━━ Input material ━━

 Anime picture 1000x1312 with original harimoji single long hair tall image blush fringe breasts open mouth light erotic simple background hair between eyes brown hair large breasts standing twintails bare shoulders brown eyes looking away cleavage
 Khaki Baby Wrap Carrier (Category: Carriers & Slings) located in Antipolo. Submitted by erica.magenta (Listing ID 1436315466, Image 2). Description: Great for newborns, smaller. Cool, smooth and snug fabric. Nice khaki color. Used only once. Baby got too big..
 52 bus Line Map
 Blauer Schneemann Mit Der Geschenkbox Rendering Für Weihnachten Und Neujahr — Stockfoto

━━━
━━ Input material ━━

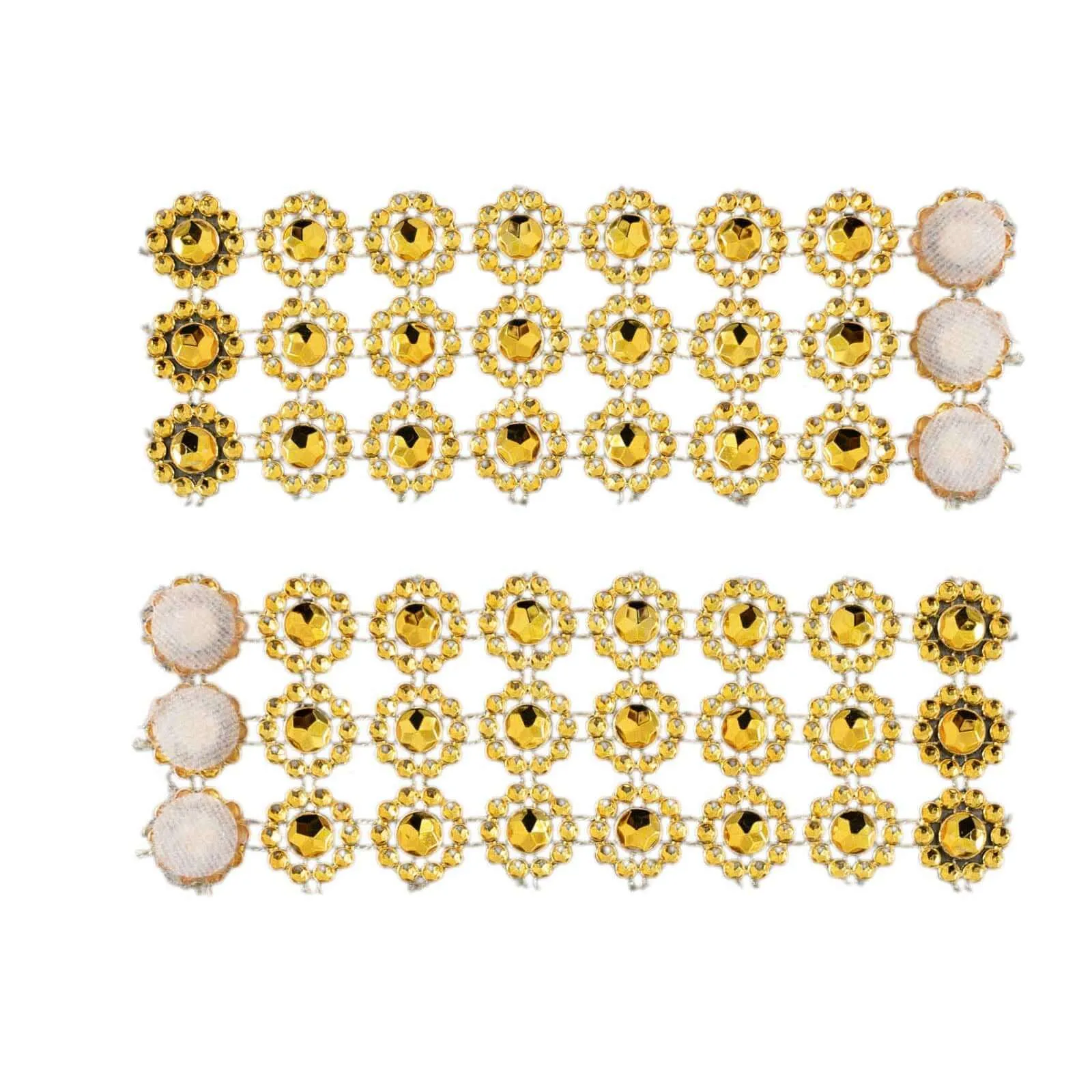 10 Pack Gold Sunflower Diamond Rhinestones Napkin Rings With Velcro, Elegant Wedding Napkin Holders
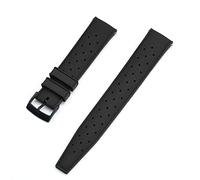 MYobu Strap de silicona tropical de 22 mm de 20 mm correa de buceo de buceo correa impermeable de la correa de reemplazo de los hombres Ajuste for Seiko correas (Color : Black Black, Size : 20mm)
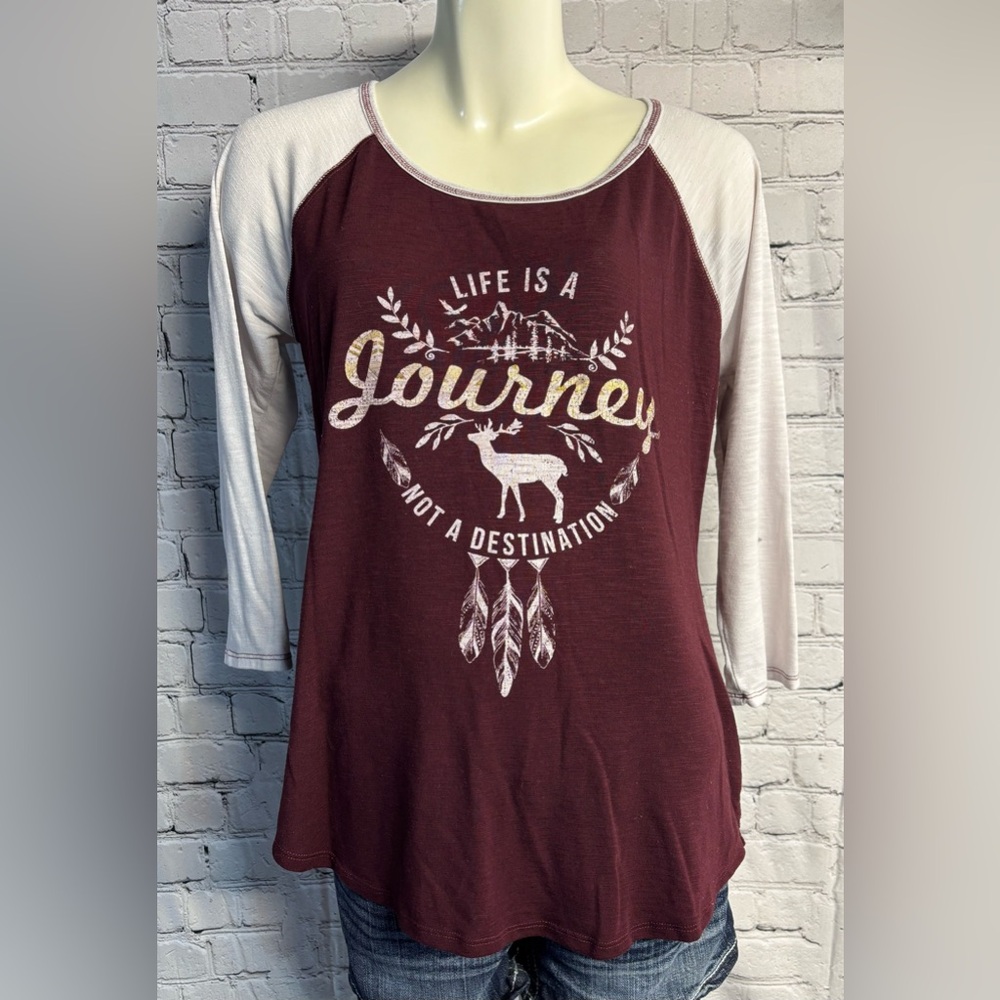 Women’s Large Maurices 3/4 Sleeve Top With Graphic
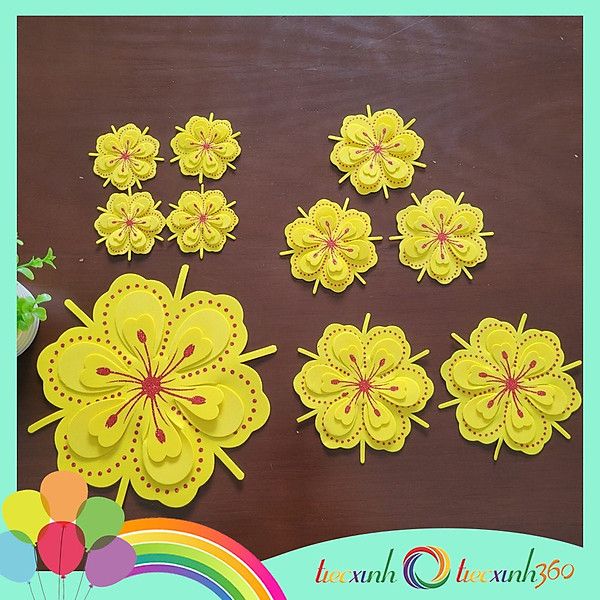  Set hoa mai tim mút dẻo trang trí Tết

━━━

The output should be exactly the lines above from the line containing "52 bus Line Map" to the line containing "Blauer Schneemann Mit", inclusive, with no other lines.

_Completed task_:
 52 bus Line Map
 Blauer Schneemann Mit Der Geschenkbox Rendering Für Weihnachten Und Neujahr — Stockfoto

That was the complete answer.